* [TASK STATEMENT] When writing out the entries below, keep only the lines from the line with "Graph of cosec x for drawing cosec inverse x" to the line with "A3 Before PDCA", both included, exactly as they are, and leave the pictures aside.

* [DATA SUPPLIED]
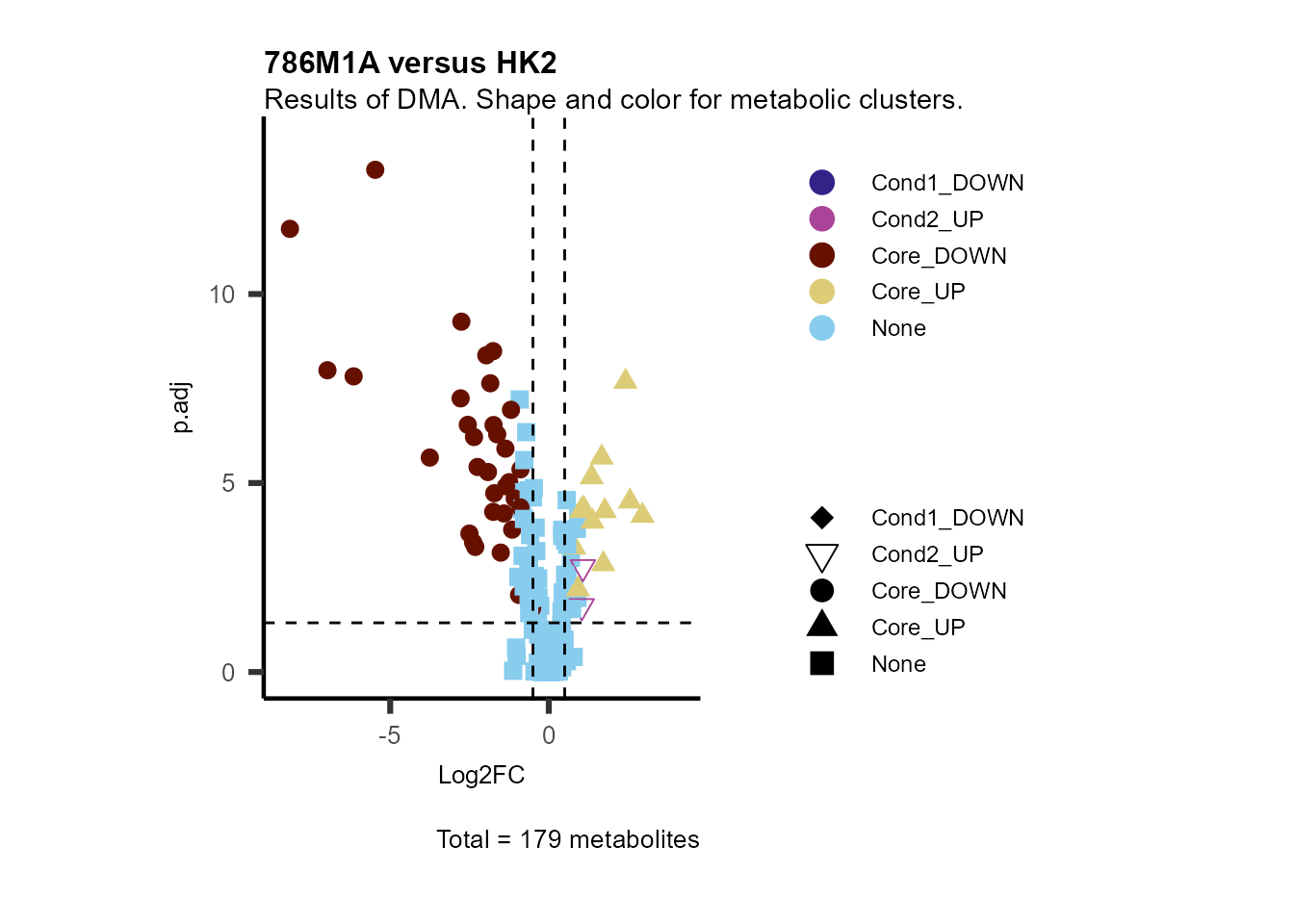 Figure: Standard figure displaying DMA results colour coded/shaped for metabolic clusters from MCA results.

...

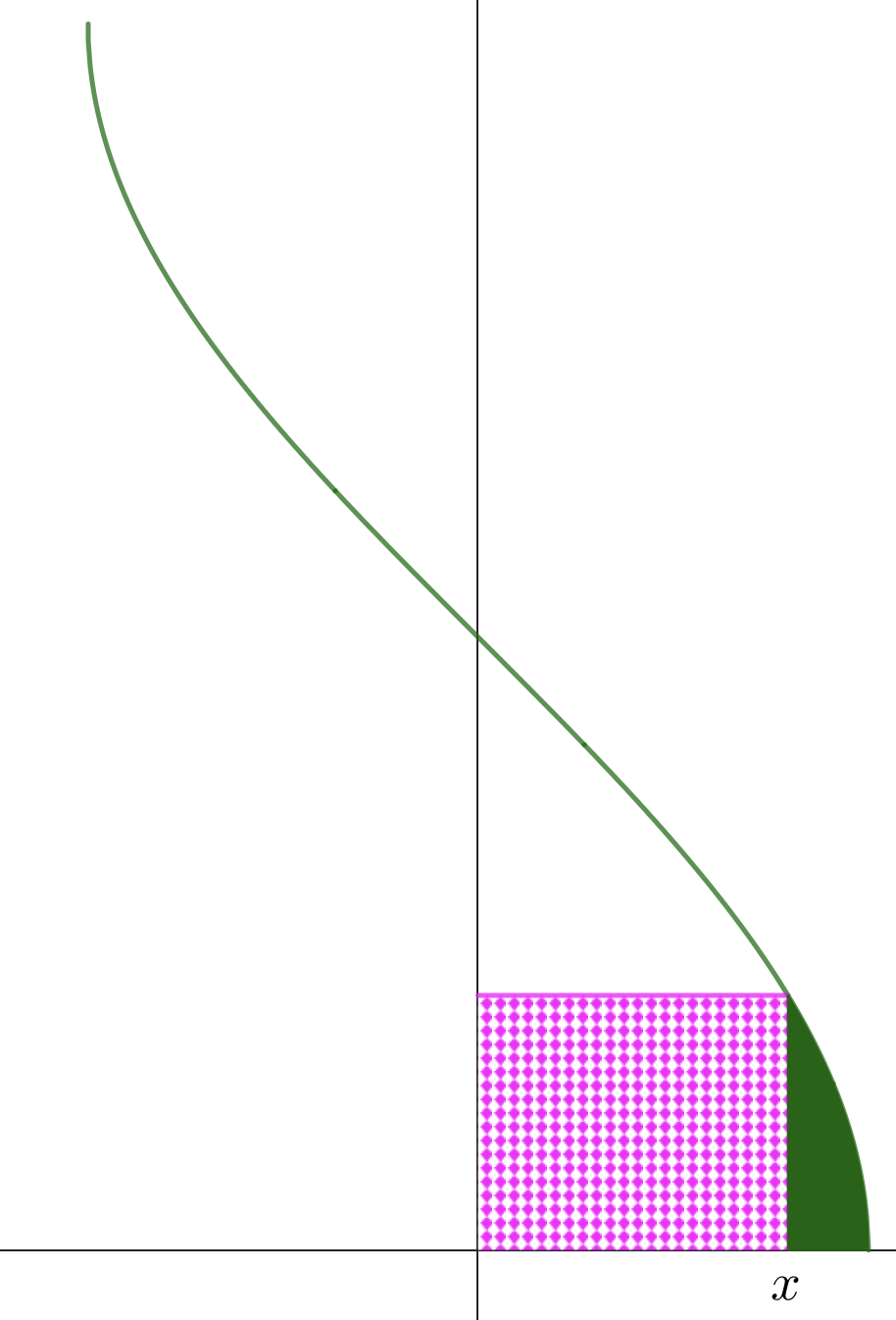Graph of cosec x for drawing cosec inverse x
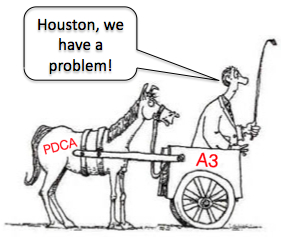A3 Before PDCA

* [YOUR SOLUTION]
Graph of cosec x for drawing cosec inverse x
A3 Before PDCA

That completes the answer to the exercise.